** Data extracts follows **
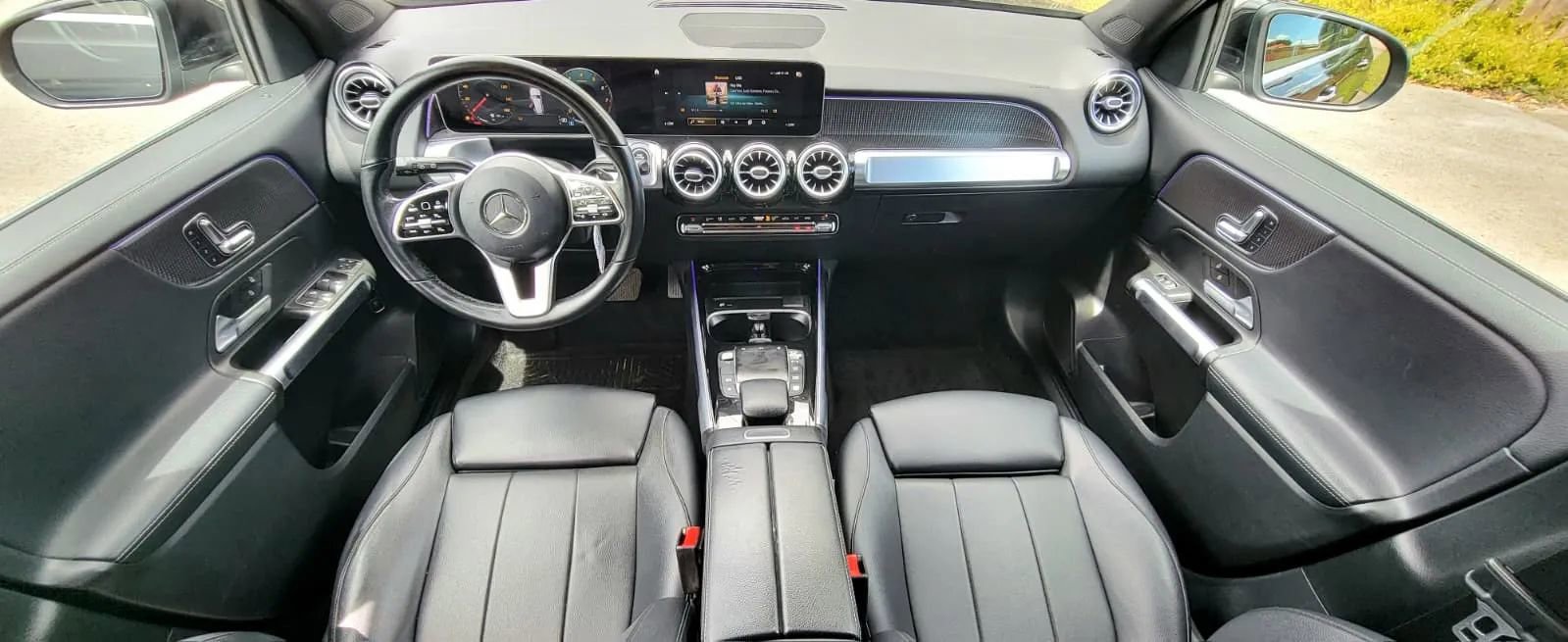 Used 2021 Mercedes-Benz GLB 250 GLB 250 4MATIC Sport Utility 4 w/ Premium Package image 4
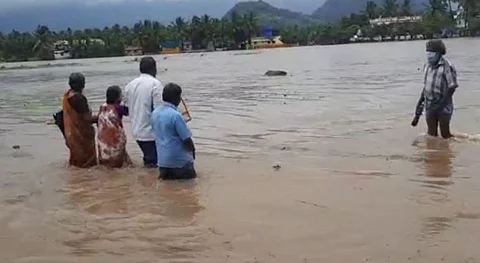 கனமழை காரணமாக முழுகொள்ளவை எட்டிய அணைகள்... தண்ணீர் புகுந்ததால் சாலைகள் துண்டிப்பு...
** End of Data extracts **
** Data extracts follows **
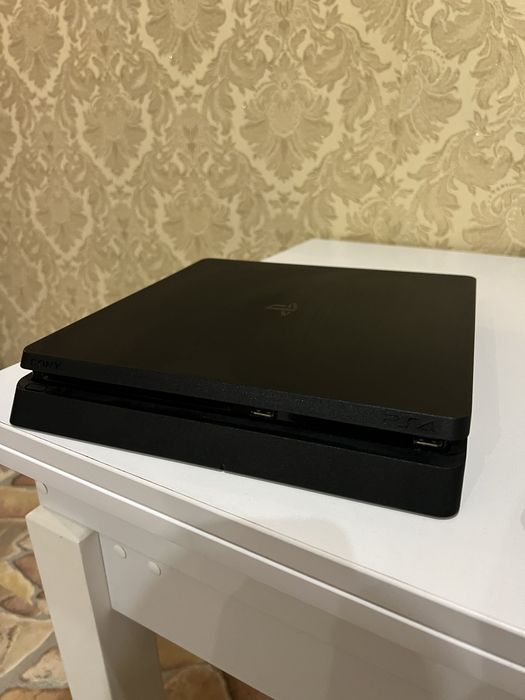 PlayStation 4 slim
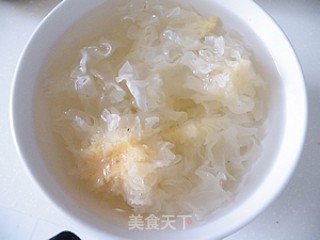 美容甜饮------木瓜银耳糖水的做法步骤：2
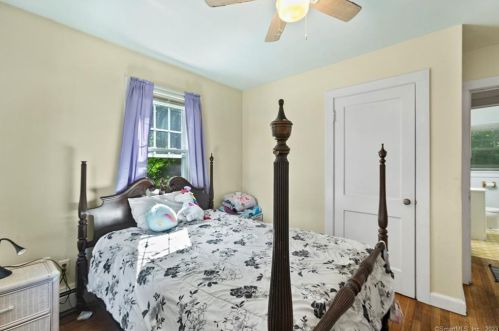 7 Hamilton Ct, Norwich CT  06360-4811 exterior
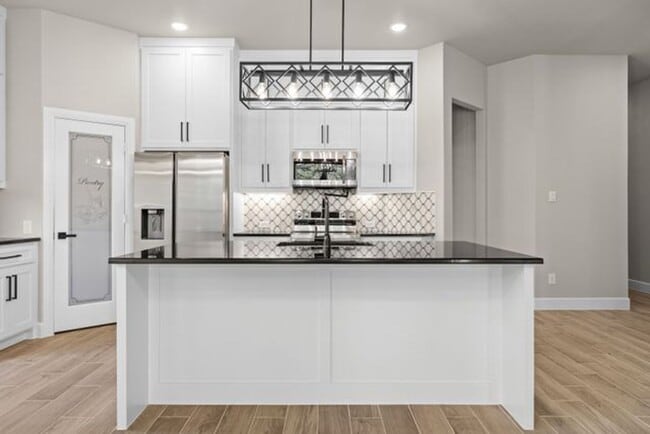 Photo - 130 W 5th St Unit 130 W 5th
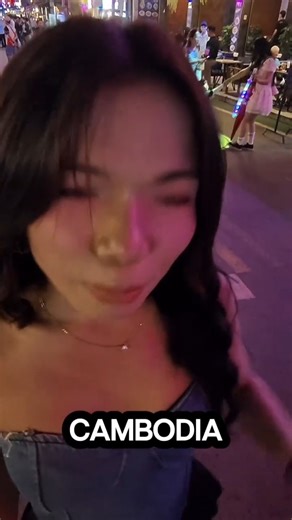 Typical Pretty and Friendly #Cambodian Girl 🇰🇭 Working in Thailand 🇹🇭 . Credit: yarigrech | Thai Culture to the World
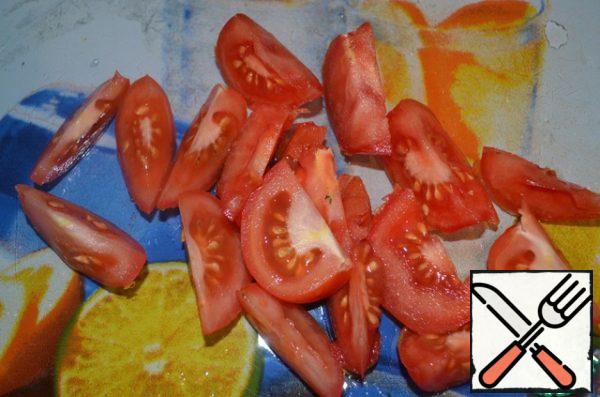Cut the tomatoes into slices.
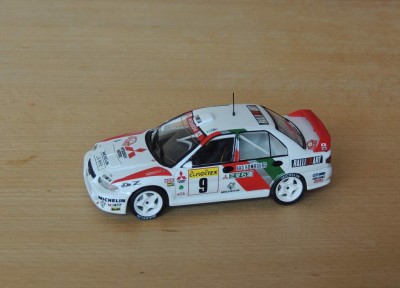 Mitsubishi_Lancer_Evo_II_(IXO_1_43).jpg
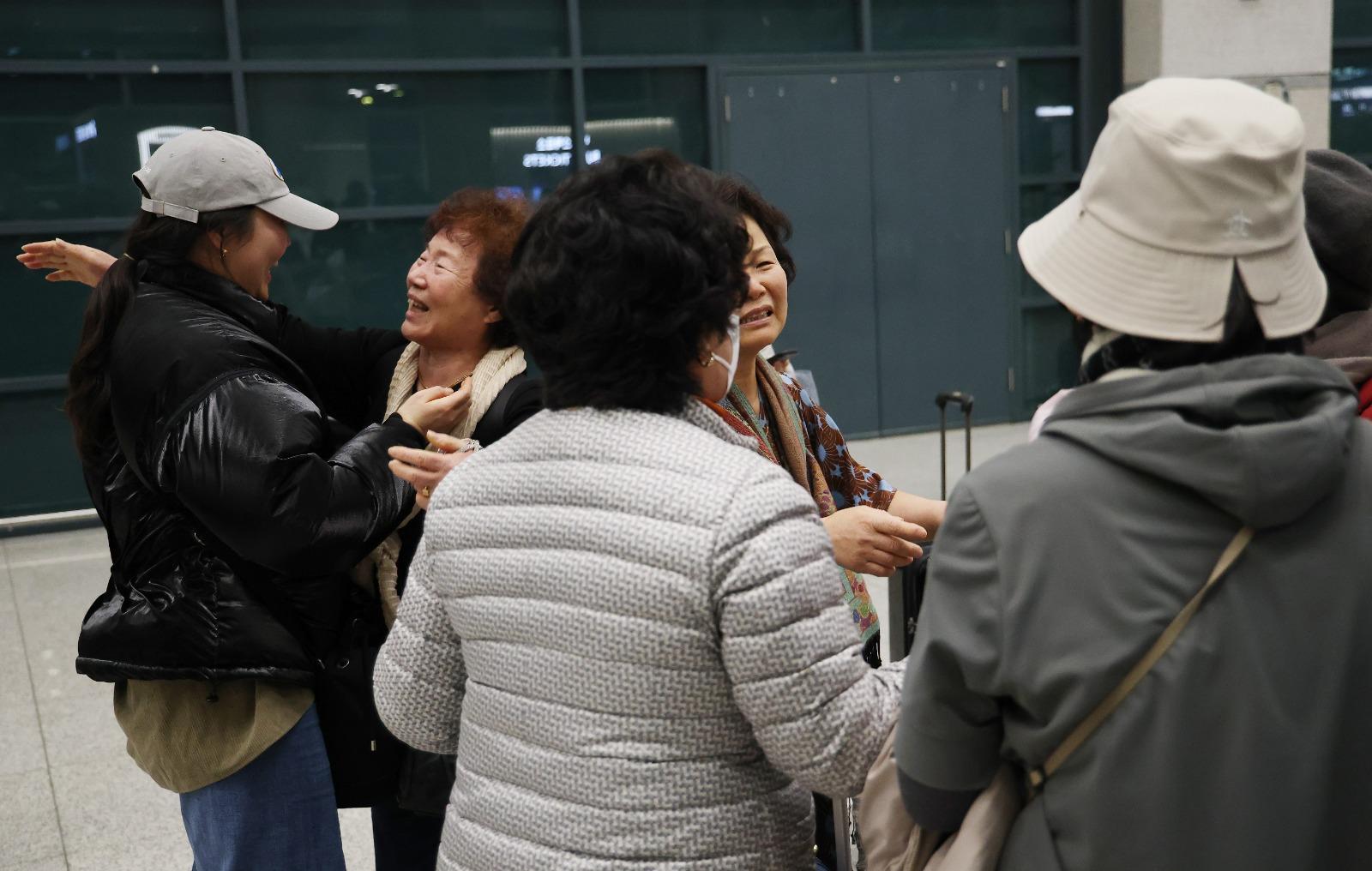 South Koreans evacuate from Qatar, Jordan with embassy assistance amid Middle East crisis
** End of Data extracts **
** Data extracts follows **
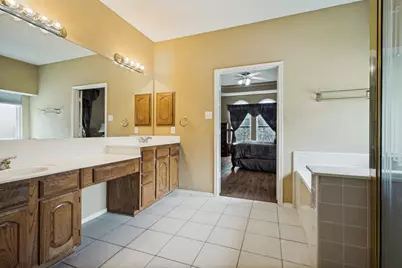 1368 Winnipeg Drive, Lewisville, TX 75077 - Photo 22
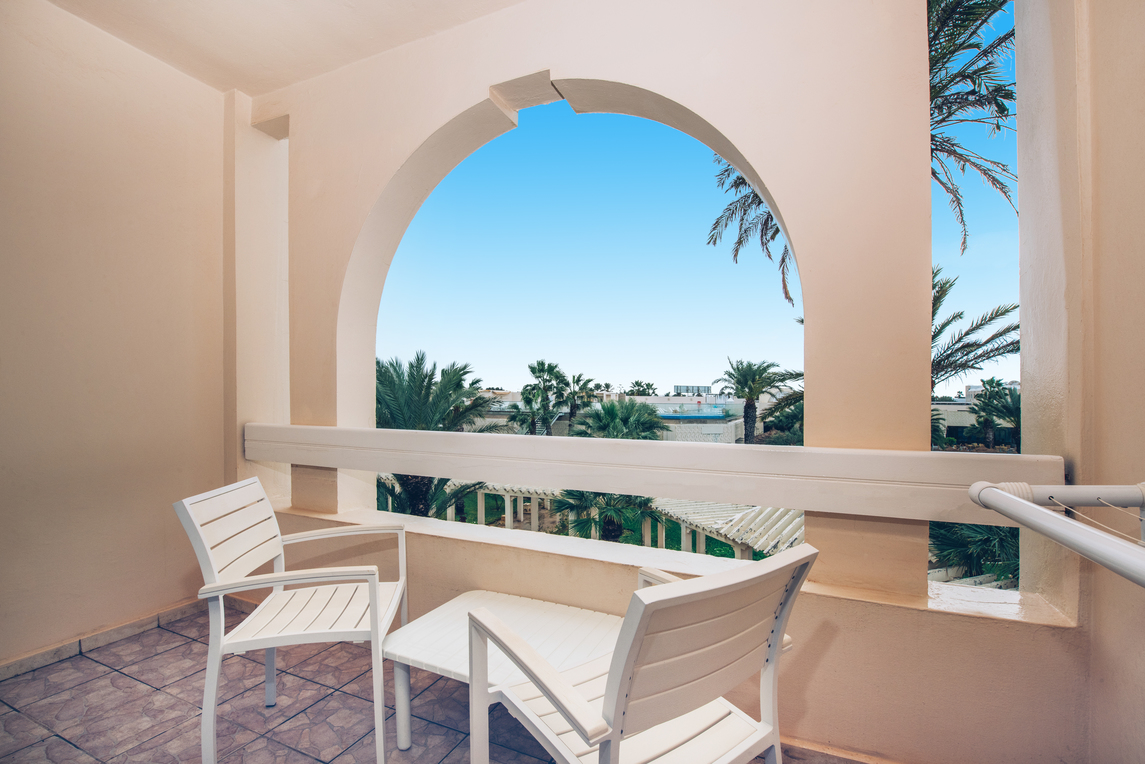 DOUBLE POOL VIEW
** End of Data extracts **
◆ **Work instruction**
Set down again, word for word, every line from the one with "1368 Winnipeg Drive, Lewisville, TX" to the one with "DOUBLE POOL VIEW" in the entries above, and omit the pictures.

◆ **Output of the task**
 1368 Winnipeg Drive, Lewisville, TX 75077 - Photo 22
 DOUBLE POOL VIEW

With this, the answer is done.